#### What you should do:
All of the data must be retyped exactly, with nothing left out.

[Short text fragments from websites]
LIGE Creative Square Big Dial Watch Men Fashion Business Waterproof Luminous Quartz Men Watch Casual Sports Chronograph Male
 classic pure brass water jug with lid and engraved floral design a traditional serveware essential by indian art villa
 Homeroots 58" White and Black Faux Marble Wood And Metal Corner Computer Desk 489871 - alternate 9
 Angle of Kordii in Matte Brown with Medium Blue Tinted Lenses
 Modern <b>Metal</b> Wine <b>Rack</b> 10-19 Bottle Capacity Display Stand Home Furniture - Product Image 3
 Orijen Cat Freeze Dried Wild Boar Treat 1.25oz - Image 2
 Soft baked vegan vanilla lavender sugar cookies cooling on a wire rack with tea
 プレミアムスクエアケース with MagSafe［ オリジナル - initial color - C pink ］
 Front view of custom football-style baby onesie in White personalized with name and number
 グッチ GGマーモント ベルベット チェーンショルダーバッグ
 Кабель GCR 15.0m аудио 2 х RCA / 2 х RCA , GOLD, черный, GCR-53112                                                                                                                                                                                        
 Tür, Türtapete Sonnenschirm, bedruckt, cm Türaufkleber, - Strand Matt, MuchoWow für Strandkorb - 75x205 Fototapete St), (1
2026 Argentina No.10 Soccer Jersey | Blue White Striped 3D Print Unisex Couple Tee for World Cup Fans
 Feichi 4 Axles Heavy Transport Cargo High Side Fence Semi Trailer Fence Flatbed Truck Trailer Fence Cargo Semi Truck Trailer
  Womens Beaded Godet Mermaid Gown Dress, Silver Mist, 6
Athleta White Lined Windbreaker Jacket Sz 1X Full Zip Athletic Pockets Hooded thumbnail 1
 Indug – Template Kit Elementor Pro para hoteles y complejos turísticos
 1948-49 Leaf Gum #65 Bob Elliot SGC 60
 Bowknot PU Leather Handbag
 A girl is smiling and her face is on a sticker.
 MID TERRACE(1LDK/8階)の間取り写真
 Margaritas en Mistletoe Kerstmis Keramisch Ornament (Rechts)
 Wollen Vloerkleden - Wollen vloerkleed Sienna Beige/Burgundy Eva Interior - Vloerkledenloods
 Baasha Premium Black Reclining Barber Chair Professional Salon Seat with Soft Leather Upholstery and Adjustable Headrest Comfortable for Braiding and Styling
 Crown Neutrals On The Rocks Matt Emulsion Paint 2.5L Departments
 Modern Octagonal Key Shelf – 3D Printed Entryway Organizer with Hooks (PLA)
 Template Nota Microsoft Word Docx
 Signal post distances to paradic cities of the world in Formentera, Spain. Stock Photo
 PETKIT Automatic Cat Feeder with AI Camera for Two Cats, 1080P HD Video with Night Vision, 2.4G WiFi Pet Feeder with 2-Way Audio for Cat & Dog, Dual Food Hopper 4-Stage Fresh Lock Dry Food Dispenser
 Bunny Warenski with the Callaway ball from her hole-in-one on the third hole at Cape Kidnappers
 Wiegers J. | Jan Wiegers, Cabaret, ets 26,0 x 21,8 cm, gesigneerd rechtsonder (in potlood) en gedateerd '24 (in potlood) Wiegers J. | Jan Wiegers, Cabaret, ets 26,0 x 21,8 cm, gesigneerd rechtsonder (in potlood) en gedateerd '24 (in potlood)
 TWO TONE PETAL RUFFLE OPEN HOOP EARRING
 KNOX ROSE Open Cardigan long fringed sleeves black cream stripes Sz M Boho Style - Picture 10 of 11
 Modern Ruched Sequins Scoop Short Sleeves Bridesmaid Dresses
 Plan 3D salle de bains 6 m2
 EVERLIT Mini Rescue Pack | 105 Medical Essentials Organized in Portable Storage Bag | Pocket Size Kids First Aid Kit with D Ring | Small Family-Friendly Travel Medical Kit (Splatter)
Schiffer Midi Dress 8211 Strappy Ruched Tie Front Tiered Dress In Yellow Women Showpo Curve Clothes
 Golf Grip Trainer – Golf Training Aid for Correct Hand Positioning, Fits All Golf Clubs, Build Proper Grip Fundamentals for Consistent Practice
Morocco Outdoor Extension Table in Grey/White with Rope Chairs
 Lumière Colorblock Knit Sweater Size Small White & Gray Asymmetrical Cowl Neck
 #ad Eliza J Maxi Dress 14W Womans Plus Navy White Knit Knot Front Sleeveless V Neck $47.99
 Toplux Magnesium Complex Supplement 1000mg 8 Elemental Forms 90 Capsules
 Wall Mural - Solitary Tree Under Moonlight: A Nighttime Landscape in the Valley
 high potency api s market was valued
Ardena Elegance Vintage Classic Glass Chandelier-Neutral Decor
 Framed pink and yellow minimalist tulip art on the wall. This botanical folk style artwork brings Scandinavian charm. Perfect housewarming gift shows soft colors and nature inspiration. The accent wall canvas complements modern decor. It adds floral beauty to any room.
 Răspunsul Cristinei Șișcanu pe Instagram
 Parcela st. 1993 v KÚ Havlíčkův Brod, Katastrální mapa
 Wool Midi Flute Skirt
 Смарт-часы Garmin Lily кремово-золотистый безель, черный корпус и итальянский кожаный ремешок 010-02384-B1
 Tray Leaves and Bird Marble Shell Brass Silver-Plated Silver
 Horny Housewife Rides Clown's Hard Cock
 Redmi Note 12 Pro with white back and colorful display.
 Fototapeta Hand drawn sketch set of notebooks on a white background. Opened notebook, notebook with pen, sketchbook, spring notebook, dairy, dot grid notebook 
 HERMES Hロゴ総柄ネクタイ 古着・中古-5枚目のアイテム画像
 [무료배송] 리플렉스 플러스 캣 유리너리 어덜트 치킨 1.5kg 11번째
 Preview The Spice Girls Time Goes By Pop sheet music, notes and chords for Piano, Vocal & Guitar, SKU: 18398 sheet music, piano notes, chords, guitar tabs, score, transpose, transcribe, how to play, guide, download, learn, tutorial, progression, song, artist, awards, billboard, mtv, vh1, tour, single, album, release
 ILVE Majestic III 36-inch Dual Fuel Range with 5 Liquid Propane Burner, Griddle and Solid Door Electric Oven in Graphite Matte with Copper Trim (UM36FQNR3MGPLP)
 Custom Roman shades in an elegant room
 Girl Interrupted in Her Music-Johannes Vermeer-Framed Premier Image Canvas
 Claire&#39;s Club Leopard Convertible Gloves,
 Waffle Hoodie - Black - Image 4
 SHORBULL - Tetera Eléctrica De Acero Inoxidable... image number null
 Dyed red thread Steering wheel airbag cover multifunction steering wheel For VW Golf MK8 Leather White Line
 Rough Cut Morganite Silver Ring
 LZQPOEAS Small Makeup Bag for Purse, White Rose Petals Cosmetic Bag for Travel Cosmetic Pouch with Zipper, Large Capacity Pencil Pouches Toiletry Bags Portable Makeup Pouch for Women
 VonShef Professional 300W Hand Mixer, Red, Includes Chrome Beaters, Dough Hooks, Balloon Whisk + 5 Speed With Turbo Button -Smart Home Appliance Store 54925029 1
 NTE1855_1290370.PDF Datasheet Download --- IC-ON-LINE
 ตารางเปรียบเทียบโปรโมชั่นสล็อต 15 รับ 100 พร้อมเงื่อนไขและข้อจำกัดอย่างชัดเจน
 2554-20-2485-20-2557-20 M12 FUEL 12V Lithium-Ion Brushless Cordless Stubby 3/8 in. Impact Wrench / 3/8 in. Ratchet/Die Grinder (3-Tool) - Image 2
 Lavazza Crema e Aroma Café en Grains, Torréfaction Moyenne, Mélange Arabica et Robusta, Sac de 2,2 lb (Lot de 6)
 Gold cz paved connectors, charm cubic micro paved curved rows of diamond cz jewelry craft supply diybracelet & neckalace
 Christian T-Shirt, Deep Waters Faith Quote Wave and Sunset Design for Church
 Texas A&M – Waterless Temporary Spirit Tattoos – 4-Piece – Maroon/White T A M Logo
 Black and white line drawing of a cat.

#### Expected output:
LIGE Creative Square Big Dial Watch Men Fashion Business Waterproof Luminous Quartz Men Watch Casual Sports Chronograph Male
 classic pure brass water jug with lid and engraved floral design a traditional serveware essential by indian art villa
 Homeroots 58" White and Black Faux Marble Wood And Metal Corner Computer Desk 489871 - alternate 9
 Angle of Kordii in Matte Brown with Medium Blue Tinted Lenses
 Modern <b>Metal</b> Wine <b>Rack</b> 10-19 Bottle Capacity Display Stand Home Furniture - Product Image 3
 Orijen Cat Freeze Dried Wild Boar Treat 1.25oz - Image 2
 Soft baked vegan vanilla lavender sugar cookies cooling on a wire rack with tea
 プレミアムスクエアケース with MagSafe［ オリジナル - initial color - C pink ］
 Front view of custom football-style baby onesie in White personalized with name and number
 グッチ GGマーモント ベルベット チェーンショルダーバッグ
 Кабель GCR 15.0m аудио 2 х RCA / 2 х RCA , GOLD, черный, GCR-53112                                                                                                                                                                                        
 Tür, Türtapete Sonnenschirm, bedruckt, cm Türaufkleber, - Strand Matt, MuchoWow für Strandkorb - 75x205 Fototapete St), (1
2026 Argentina No.10 Soccer Jersey | Blue White Striped 3D Print Unisex Couple Tee for World Cup Fans
 Feichi 4 Axles Heavy Transport Cargo High Side Fence Semi Trailer Fence Flatbed Truck Trailer Fence Cargo Semi Truck Trailer
  Womens Beaded Godet Mermaid Gown Dress, Silver Mist, 6
Athleta White Lined Windbreaker Jacket Sz 1X Full Zip Athletic Pockets Hooded thumbnail 1
 Indug – Template Kit Elementor Pro para hoteles y complejos turísticos
 1948-49 Leaf Gum #65 Bob Elliot SGC 60
 Bowknot PU Leather Handbag
 A girl is smiling and her face is on a sticker.
 MID TERRACE(1LDK/8階)の間取り写真
 Margaritas en Mistletoe Kerstmis Keramisch Ornament (Rechts)
 Wollen Vloerkleden - Wollen vloerkleed Sienna Beige/Burgundy Eva Interior - Vloerkledenloods
 Baasha Premium Black Reclining Barber Chair Professional Salon Seat with Soft Leather Upholstery and Adjustable Headrest Comfortable for Braiding and Styling
 Crown Neutrals On The Rocks Matt Emulsion Paint 2.5L Departments
 Modern Octagonal Key Shelf – 3D Printed Entryway Organizer with Hooks (PLA)
 Template Nota Microsoft Word Docx
 Signal post distances to paradic cities of the world in Formentera, Spain. Stock Photo
 PETKIT Automatic Cat Feeder with AI Camera for Two Cats, 1080P HD Video with Night Vision, 2.4G WiFi Pet Feeder with 2-Way Audio for Cat & Dog, Dual Food Hopper 4-Stage Fresh Lock Dry Food Dispenser
 Bunny Warenski with the Callaway ball from her hole-in-one on the third hole at Cape Kidnappers
 Wiegers J. | Jan Wiegers, Cabaret, ets 26,0 x 21,8 cm, gesigneerd rechtsonder (in potlood) en gedateerd '24 (in potlood) Wiegers J. | Jan Wiegers, Cabaret, ets 26,0 x 21,8 cm, gesigneerd rechtsonder (in potlood) en gedateerd '24 (in potlood)
 TWO TONE PETAL RUFFLE OPEN HOOP EARRING
 KNOX ROSE Open Cardigan long fringed sleeves black cream stripes Sz M Boho Style - Picture 10 of 11
 Modern Ruched Sequins Scoop Short Sleeves Bridesmaid Dresses
 Plan 3D salle de bains 6 m2
 EVERLIT Mini Rescue Pack | 105 Medical Essentials Organized in Portable Storage Bag | Pocket Size Kids First Aid Kit with D Ring | Small Family-Friendly Travel Medical Kit (Splatter)
Schiffer Midi Dress 8211 Strappy Ruched Tie Front Tiered Dress In Yellow Women Showpo Curve Clothes
 Golf Grip Trainer – Golf Training Aid for Correct Hand Positioning, Fits All Golf Clubs, Build Proper Grip Fundamentals for Consistent Practice
Morocco Outdoor Extension Table in Grey/White with Rope Chairs
 Lumière Colorblock Knit Sweater Size Small White & Gray Asymmetrical Cowl Neck
 #ad Eliza J Maxi Dress 14W Womans Plus Navy White Knit Knot Front Sleeveless V Neck $47.99
 Toplux Magnesium Complex Supplement 1000mg 8 Elemental Forms 90 Capsules
 Wall Mural - Solitary Tree Under Moonlight: A Nighttime Landscape in the Valley
 high potency api s market was valued
Ardena Elegance Vintage Classic Glass Chandelier-Neutral Decor
 Framed pink and yellow minimalist tulip art on the wall. This botanical folk style artwork brings Scandinavian charm. Perfect housewarming gift shows soft colors and nature inspiration. The accent wall canvas complements modern decor. It adds floral beauty to any room.
 Răspunsul Cristinei Șișcanu pe Instagram
 Parcela st. 1993 v KÚ Havlíčkův Brod, Katastrální mapa
 Wool Midi Flute Skirt
 Смарт-часы Garmin Lily кремово-золотистый безель, черный корпус и итальянский кожаный ремешок 010-02384-B1
 Tray Leaves and Bird Marble Shell Brass Silver-Plated Silver
 Horny Housewife Rides Clown's Hard Cock
 Redmi Note 12 Pro with white back and colorful display.
 Fototapeta Hand drawn sketch set of notebooks on a white background. Opened notebook, notebook with pen, sketchbook, spring notebook, dairy, dot grid notebook 
 HERMES Hロゴ総柄ネクタイ 古着・中古-5枚目のアイテム画像
 [무료배송] 리플렉스 플러스 캣 유리너리 어덜트 치킨 1.5kg 11번째
 Preview The Spice Girls Time Goes By Pop sheet music, notes and chords for Piano, Vocal & Guitar, SKU: 18398 sheet music, piano notes, chords, guitar tabs, score, transpose, transcribe, how to play, guide, download, learn, tutorial, progression, song, artist, awards, billboard, mtv, vh1, tour, single, album, release
 ILVE Majestic III 36-inch Dual Fuel Range with 5 Liquid Propane Burner, Griddle and Solid Door Electric Oven in Graphite Matte with Copper Trim (UM36FQNR3MGPLP)
 Custom Roman shades in an elegant room
 Girl Interrupted in Her Music-Johannes Vermeer-Framed Premier Image Canvas
 Claire&#39;s Club Leopard Convertible Gloves,
 Waffle Hoodie - Black - Image 4
 SHORBULL - Tetera Eléctrica De Acero Inoxidable... image number null
 Dyed red thread Steering wheel airbag cover multifunction steering wheel For VW Golf MK8 Leather White Line
 Rough Cut Morganite Silver Ring
 LZQPOEAS Small Makeup Bag for Purse, White Rose Petals Cosmetic Bag for Travel Cosmetic Pouch with Zipper, Large Capacity Pencil Pouches Toiletry Bags Portable Makeup Pouch for Women
 VonShef Professional 300W Hand Mixer, Red, Includes Chrome Beaters, Dough Hooks, Balloon Whisk + 5 Speed With Turbo Button -Smart Home Appliance Store 54925029 1
 NTE1855_1290370.PDF Datasheet Download --- IC-ON-LINE
 ตารางเปรียบเทียบโปรโมชั่นสล็อต 15 รับ 100 พร้อมเงื่อนไขและข้อจำกัดอย่างชัดเจน
 2554-20-2485-20-2557-20 M12 FUEL 12V Lithium-Ion Brushless Cordless Stubby 3/8 in. Impact Wrench / 3/8 in. Ratchet/Die Grinder (3-Tool) - Image 2
 Lavazza Crema e Aroma Café en Grains, Torréfaction Moyenne, Mélange Arabica et Robusta, Sac de 2,2 lb (Lot de 6)
 Gold cz paved connectors, charm cubic micro paved curved rows of diamond cz jewelry craft supply diybracelet & neckalace
 Christian T-Shirt, Deep Waters Faith Quote Wave and Sunset Design for Church
 Texas A&M – Waterless Temporary Spirit Tattoos – 4-Piece – Maroon/White T A M Logo
 Black and white line drawing of a cat.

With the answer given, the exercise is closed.